472 lines (366 loc) · 19.7 KB

Why doesn't P4 have floating point types?

Floating point numbers, e.g. float and double types for IEEE 754 representations of numbers in C, C++, and Java, are commonly implemented in general purpose CPUs with specific instructions for add, subtract, multiply, divide, etc.

The P4 language specifies types for unsigned and signed integer types, but does not contain any type for representing floating point numbers.

Why not?

And more importantly: What can you do in P4 programs when you want to perform operations on non-integer values?

Why high speed switch ASICs typically do not have FPUs

It is certainly physically possible to put an FPU (floating point unit) into a switch ASIC, so why don't designers of these devices typically do so?

The primary reason is that when it comes to the operations that one commonly needs to do when processing packets, none of them need floating point operations. The highest speed switch ASICs, the ones with the cheapest cost per 100 Gigabit Ethernet port (or whatever speed ports they have), are crammed full of transistors doing all of the most common operations required for forwarding packets, e.g.

  • Integer add, subtract, and comparison operations for calculating updated packet lengths when headers are added/removed, updating packet/byte counters, and other similar operations.
  • TCAMs for ternary header field classification
  • Often specialized longest prefix match logic for IP forwarding. In some ASICs this is also TCAM, but often it is something more customized to longest prefix match, because the designers want a cheaper/lower-power way to do it than TCAM for large tables.
  • IPv4 header checksum logic.
  • Hash calculations on various subsets of header fields.
  • Often one or a few integer multipliers inside the logic that implements meters.

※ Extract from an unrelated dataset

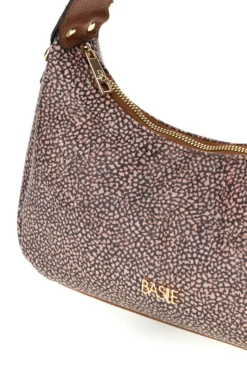 Borsa marrone a fantasia con tracolla removibile Basile BA1276TAP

If some management or other control plane software finds it convenient to use an FPU to calculate statistics and display them to a user -- no problem. There is typically a general purpose CPU near the switch ASIC, or across the network in a physically separate device, that has an FPU and runs code written in languages like C, C++, Java, Python, etc. that provides straightforward access to the FPU's capabilities.

But if something does not need to be done on every packet, then adding significant area of hardware logic to a switch ASIC is simply increasing the cost per port, for no benefit.

You may be thinking -- why not add just one FPU to the switch ASIC? That is pretty small, and would not add any noticeable cost, right?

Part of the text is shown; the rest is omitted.